You are asked to reproduce the listing exactly and to omit its pictures.

• [GIVEN MATERIAL]
- - -

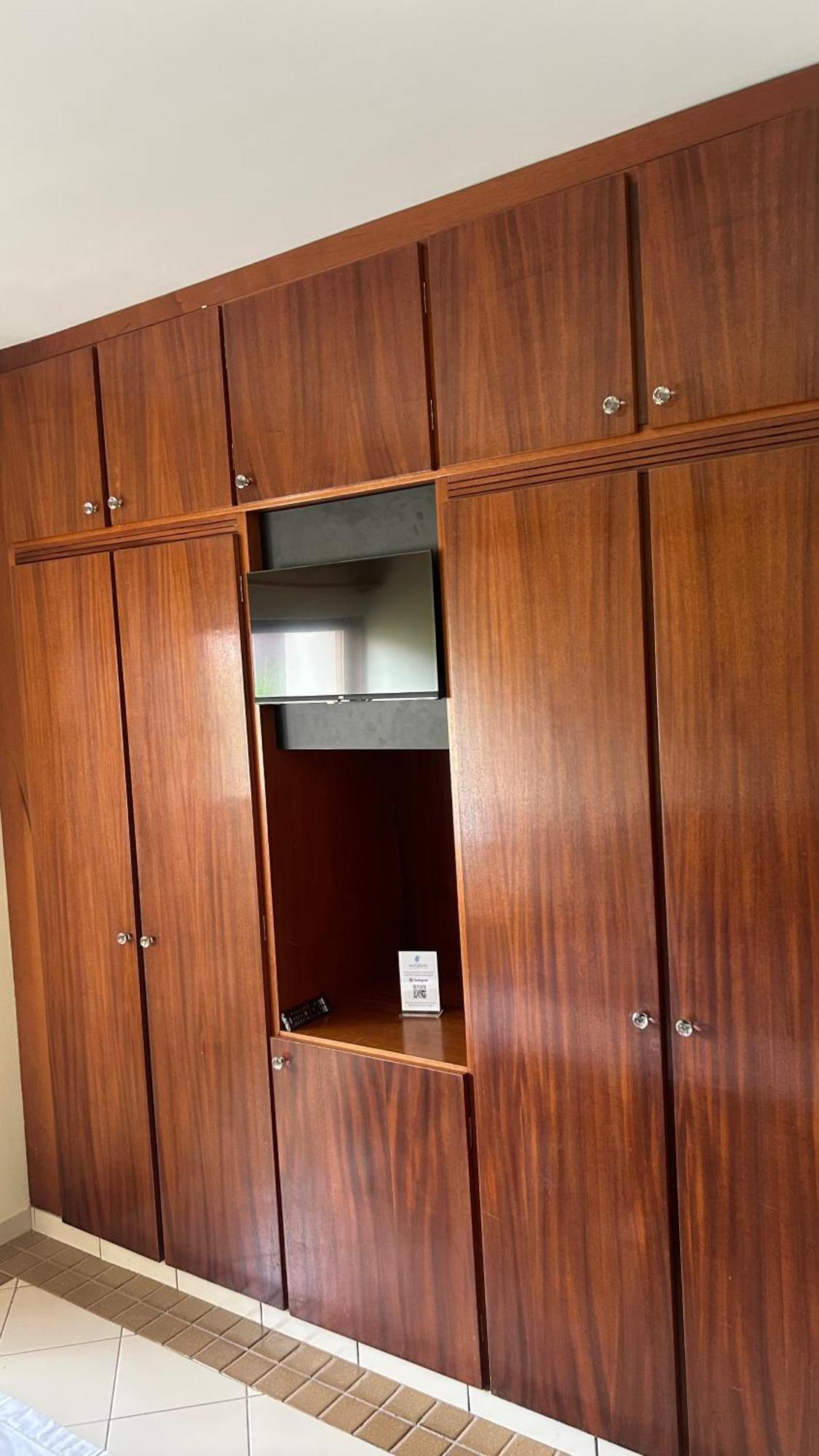 Apartment Recanto Aguas Quentes - Bloco Canario *
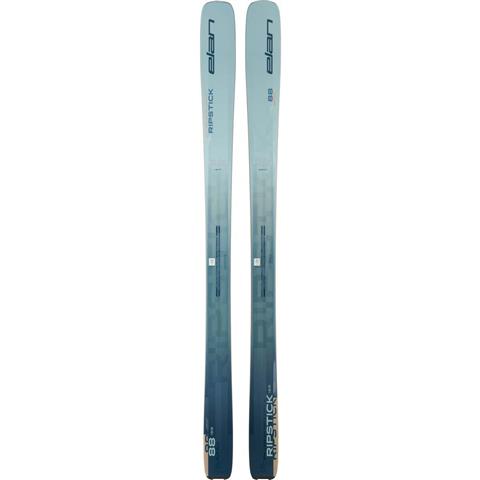 Elan Ripstick 88 W  Skis - Women&#39;s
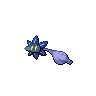 Glimmet Pokedex sprite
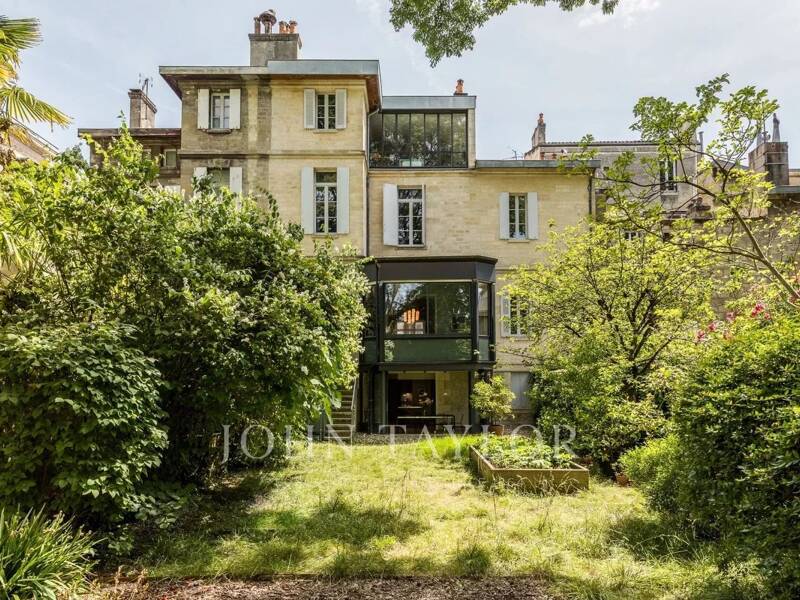 Maison à vendre, 372m², BORDEAUX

- - -

• [RESPONSE TO THE EXERCISE]
 Apartment Recanto Aguas Quentes - Bloco Canario *
 Elan Ripstick 88 W  Skis - Women&#39;s
 Glimmet Pokedex sprite
 Maison à vendre, 372m², BORDEAUX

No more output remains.